The interior space layout has a great influence on natural lighting. Open space layout or transparent partitions are very beneficial for natural light to enter the interior of the building. For example, the use of glass partitions can create a personal space that isolates sound without blocking light; if you also need to create a personal space that blocks vision, you can cover the glass with curtains or movable blinds, or use translucent materials, or you can choose to install glass only where the partition is above eye level (see Figure 2) .

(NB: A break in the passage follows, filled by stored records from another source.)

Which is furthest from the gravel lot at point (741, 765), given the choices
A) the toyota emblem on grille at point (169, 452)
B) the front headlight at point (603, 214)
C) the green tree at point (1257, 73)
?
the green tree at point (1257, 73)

Figure 2 - Glass partitions allow natural light to penetrate deep into the interior
(3) Lighting orientation. Since the height and orientation of the sun varies with the season and time of day, the building must be properly oriented to maximize daylighting potential and avoid excessive solar radiation and glare.
The best direction for natural lighting is north, because the light from this direction is relatively stable. Although the amount of light coming from the north is lower, the quality is higher. And this direction also rarely encounters glare problems caused by direct sunlight. Especially in hot weather areas, south-facing windows often require the addition of sun-controlling architectural components (such as sun visors) due to excessive heat from direct sunlight, so north-facing is more appropriate.
A south-facing orientation is also a better direction for natural lighting. The south-facing part of the building gets the most sunlight, both on a daily basis and in a year. This extra sunlight provides more daylight than northerly facing in winter and in rainy weather. In addition, in severe cold and cold regions, the greenhouse effect created by south-facing windows can provide additional heat to partially meet the heating needs, so south-facing is more suitable.
The most unfavorable directions are east and west. When the sun is in the east or west, it is lower in the sky. Therefore, it will bring very serious problems such as glare and shadow shading. In addition, these two directions have the highest intensity of sunlight, which will bring excessive heat to the building in summer, resulting in an increase in the cooling load of air conditioners.